Pontaポイントを優先してためるならau PAYカードによるチャージがベストな選択だ。
 ところが、7月1日からここ数年の楽天経済圏の牽引役である楽天カードは、au PAYへの残高チャージをポイント還元サービス対象外に変更する。この措置は、au PAY残高からチャージしてPontaポイントがたまる「au PAYのSuica」のサービス開始を受けたものと考えられる。いわゆる改悪だが、現時点では楽天カード会員がau PAYをサブとして使うと楽天ポイントを獲得できるメリットがあり、7月1日以降も携帯電話料金合算払いの「auかんたん決済(au/UQ mobile/povo契約者限定)」を利用すれば、間接的に楽天カードでチャージ可能なので各経済圏は決して閉じているわけでないと分かる。

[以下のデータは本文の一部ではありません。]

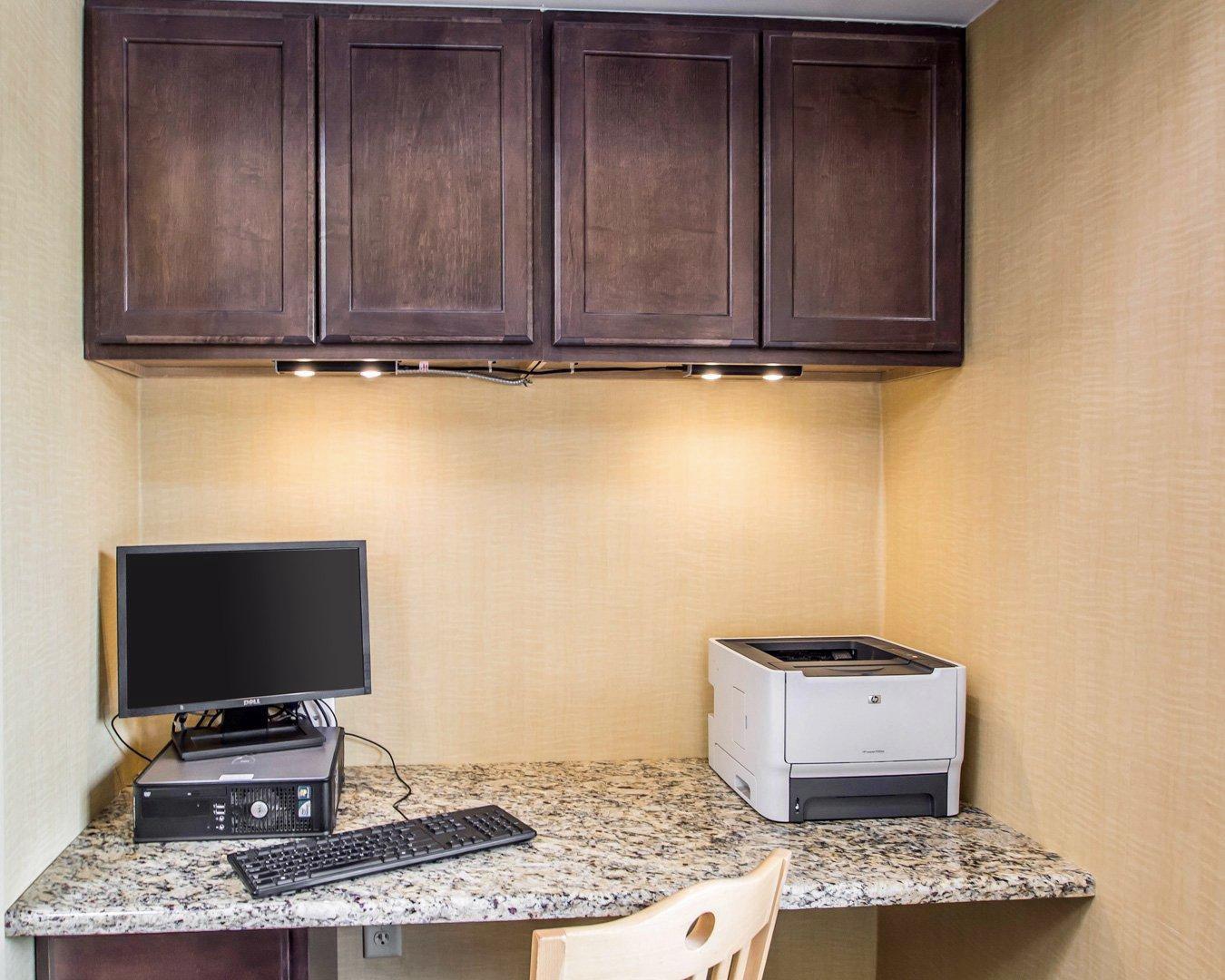 Quality Inn Ithaca - University Area Bagian luar foto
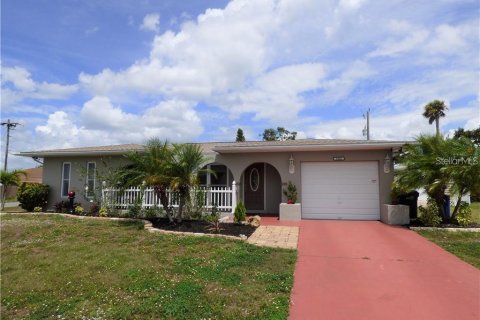 Villa ou maison à vendre à North Port, Floride: 3 chambres, 123.47 m2 № 1815904 - photo 1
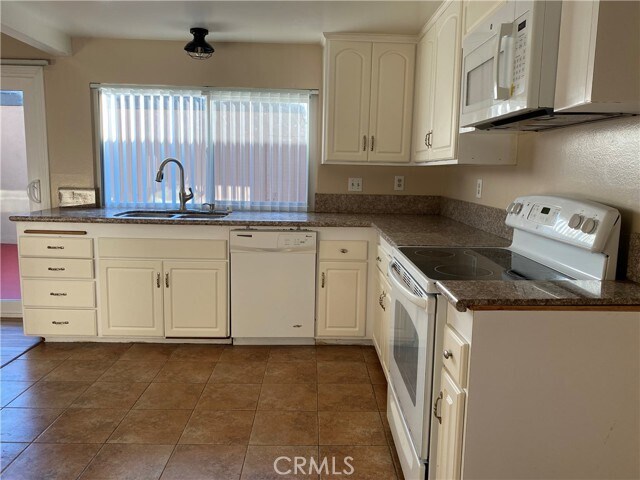 Building Photo - 4231 Elizabeth Ct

 PayPayはセブン-イレブンアプリから利用でき、au PAYは、ローソンアプリに続きトヨタの決済アプリ「TOYOTA Wallet」から利用が可能になるなど、決済サービスと大手企業の連携は広がっており、d払い・au PAY・PayPayの各アプリから直接テイクアウトの注文などが可能なミニアプリも順次拡大している。ポイント経済圏はそれぞれ微妙に強み・弱みが異なる。